In a previous post, I wrote about the extremely cool technology of 3D printers. Today I want to geek out about another imminent technological advance I’m even more personally excited for: the self-driving car.
This technology is exactly what it sounds like: a robotic car that senses its environment with ultrasound, radar and computer vision, automatically avoiding obstacles, obeying signs and traffic signals and following GPS routes to a programmed destination. But the transformative possibilities of this technology are far greater. If you were going to somewhere crowded like a sports game or a concert, you could have your car drop you off at your destination, drive away and park itself where more space is available, and return to pick you up when you were ready.
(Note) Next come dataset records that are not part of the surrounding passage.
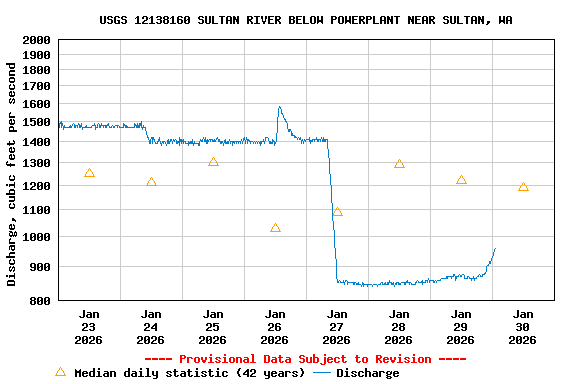 Graph of  Discharge, cubic feet per second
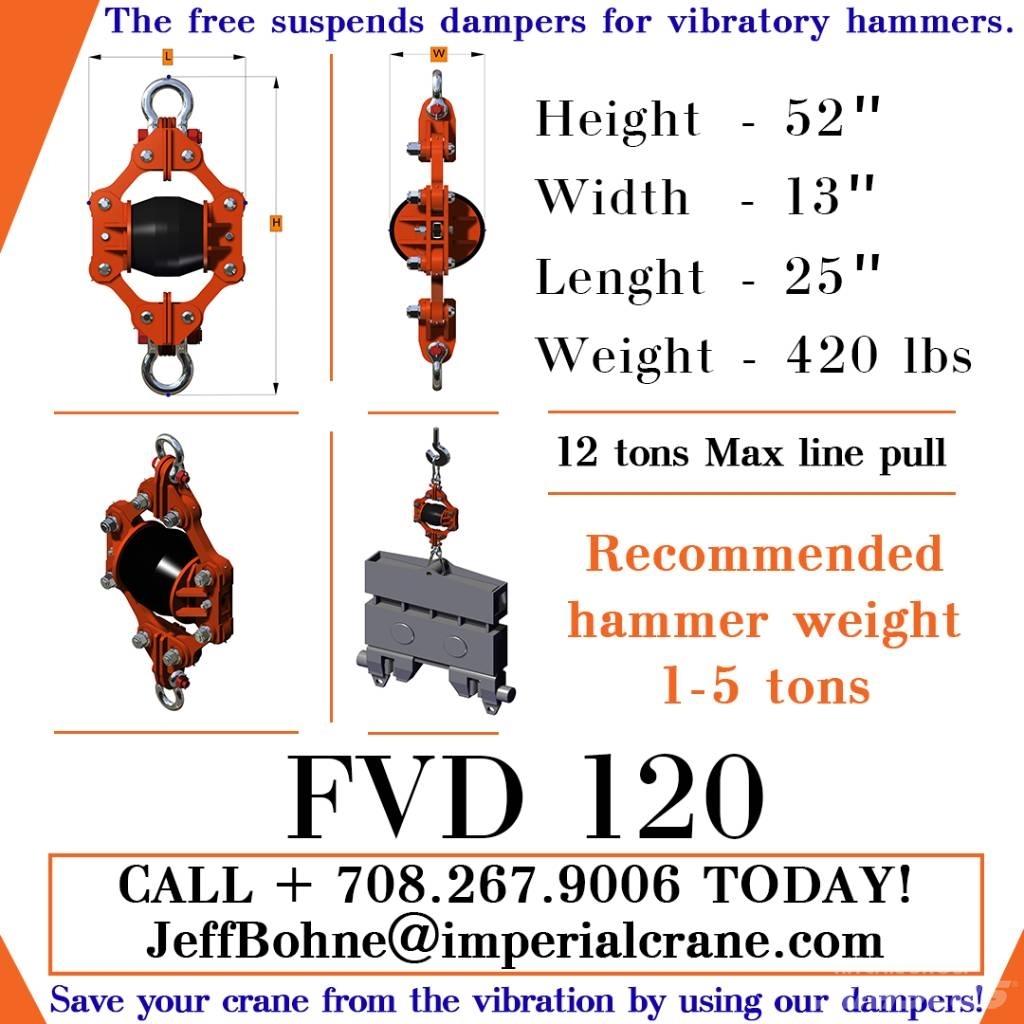  Finaros FVD 120 Hydraulic Pile Hammers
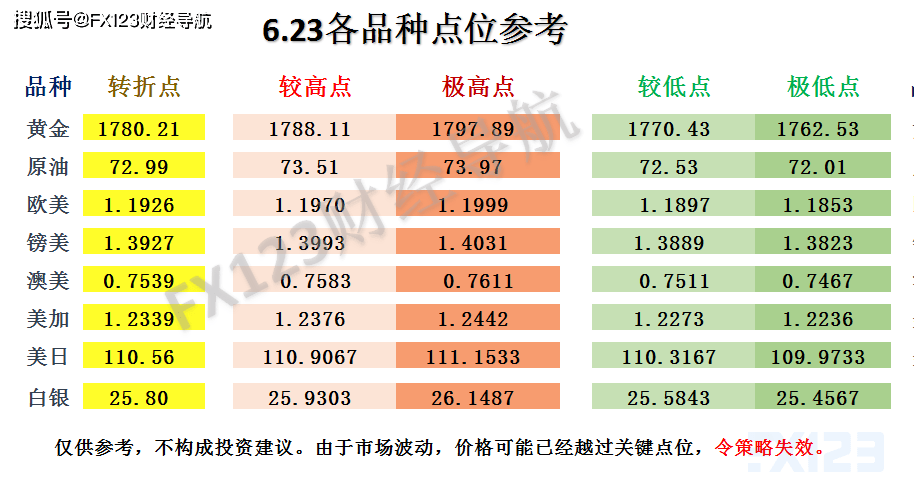 2024新澳天天免费资料,涵盖了广泛的解释落实方法_复古版53.543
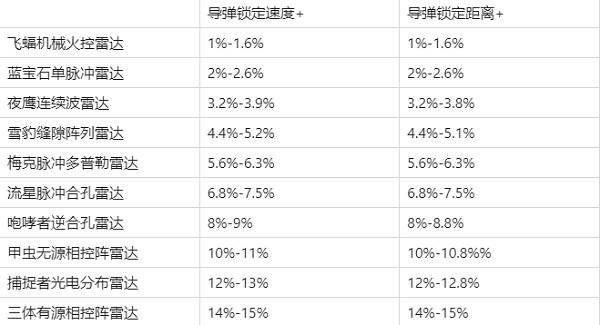 现代空战3D破解版内置菜单装备介绍7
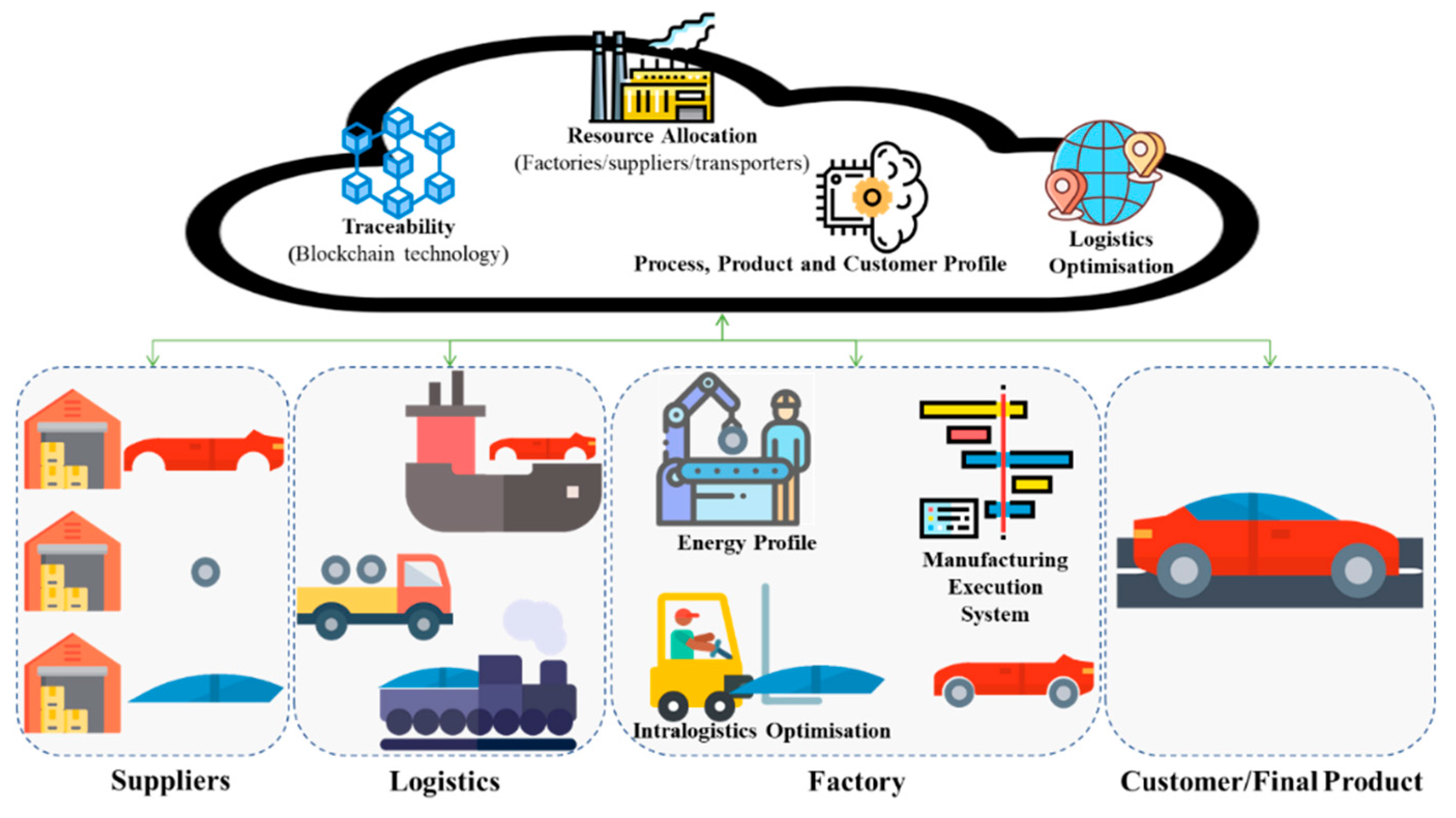 Applsci 13 10223 g006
The self-driving car could even make the concept of individual ownership obsolete: every town and city could have a fleet of circulating autonomous taxis, always ready to respond to a summons and take you wherever you want to go.
Car crashes are one of the leading causes of accidental death in the U.S., and autonomous cars have the potential to change that. Human drivers can be distracted, can fall asleep at the wheel, can drive while drunk or impaired, can fail to notice a person or another vehicle in their blind spot. A robot car will never have any of those problems. Even in the best case, a human being’s response time is some large fraction of a second, during which a car traveling at 50 or 60 mph will have moved hundreds of feet, not nearly enough time to avoid a sudden obstacle like a child running into the road. A robot car will be able to detect and respond to a danger like this in milliseconds.
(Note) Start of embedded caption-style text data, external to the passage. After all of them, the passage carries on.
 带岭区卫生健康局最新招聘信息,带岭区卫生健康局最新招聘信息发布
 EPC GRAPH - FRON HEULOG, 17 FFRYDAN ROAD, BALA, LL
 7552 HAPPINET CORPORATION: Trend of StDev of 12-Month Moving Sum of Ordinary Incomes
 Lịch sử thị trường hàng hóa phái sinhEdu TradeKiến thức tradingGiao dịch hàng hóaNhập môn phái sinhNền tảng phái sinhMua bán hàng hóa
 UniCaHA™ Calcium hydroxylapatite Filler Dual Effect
As amazing and futuristic as it sounds, this is a technology that’s making its way onto the market right now. The U.S. defense agency DARPA has held a “Grand Challenge” for several years, where competing teams built robot vehicles that had to navigate a course in off-road and urban environments. Google has been quietly testing self-driving cars for some time, and has persuaded California and Nevada to legalize them. Some luxury cars already on the market can parallel park themselves, drive themselves in traffic jams and even drive themselves on highways with adaptive cruise control.
I’ve always thought that driving was a tedious chore, especially in traffic or on long trips, and I can’t wait to own a car that will do the work for me. So far, most autonomous cars require a person sitting behind the wheel to take control if a hazard occurs, but once the technology is well-established, I expect it will be possible for the passengers to read or sleep. The legal obstacles will almost certainly prove more difficult than the technological ones, but I have no doubt that they’ll be surmounted. The future is coming, and it’ll be here sooner than we think!